Incredible. But what amazes me more is that we’ve done it. And not just done it but done it without bringing all our products offline for a weekend (as we had to for the migration to XXXX new datacentre 2½ years ago), without having to take the heart-in-mouth risk of moving everything at once, and [sound of distant trumpets heralding a golden dawn] with zero-downtime.

So, how did we manage this? Well, there were two or three key things: automation; subtle re-architecting; and the removal of technical debt. One early, significant win was the move away from our “monolithic” Oracle database and the adoption of individual database servers for each application.  That was a lot of work for the Ops and Dev teams but resulted in a significantly more flexible architecture.  A second key enabler was the decision to move to a “Shared Nothing” architecture, where each product would have its own set of application servers (where previously each appserver would host a number of products) and where code and other files would be separately deployed to each appserver (rather than  sit on a shared drive).  Again, this gained us a huge amount of flexibility.

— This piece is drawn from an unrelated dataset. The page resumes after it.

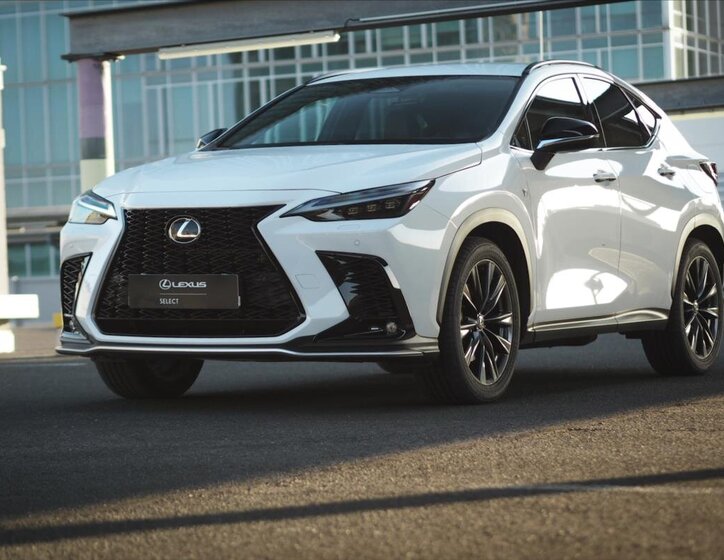 Lexus NX 450h plus 1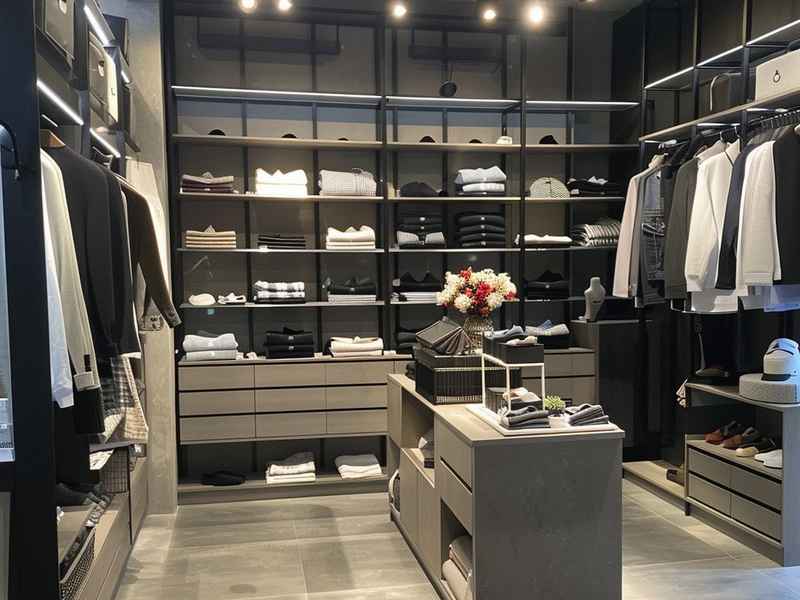 卡罗纹凯洛恩实体店，卡罗纹凯洛恩实体店能买到吗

Automation has been fundamental to the migration project which, to some extent, we’ve used as a lever to get automation ‘properly’ in place across our estate.  Automation, in this case, is about automatically taking a ‘new’ server and installing and configuring all the software that it needs to turn it into a bit of BMJ infrastructure — maybe a Best Practice application server, or a database for Learning, or an email server. There’s quite a lot of up-front work to plan and structure the system (we use “Puppet”, a popular open-source automation tool) and to define the parts that we require but, once that’s done, deploying architecture becomes basically little more than checking a configuration file into source control. No more logging on to remote computers and installing stuff by hand. In fact, if we were to log into a server now and change something, we would find that, within 30 minutes, Puppet had removed that change and put things back to the way they “should be”.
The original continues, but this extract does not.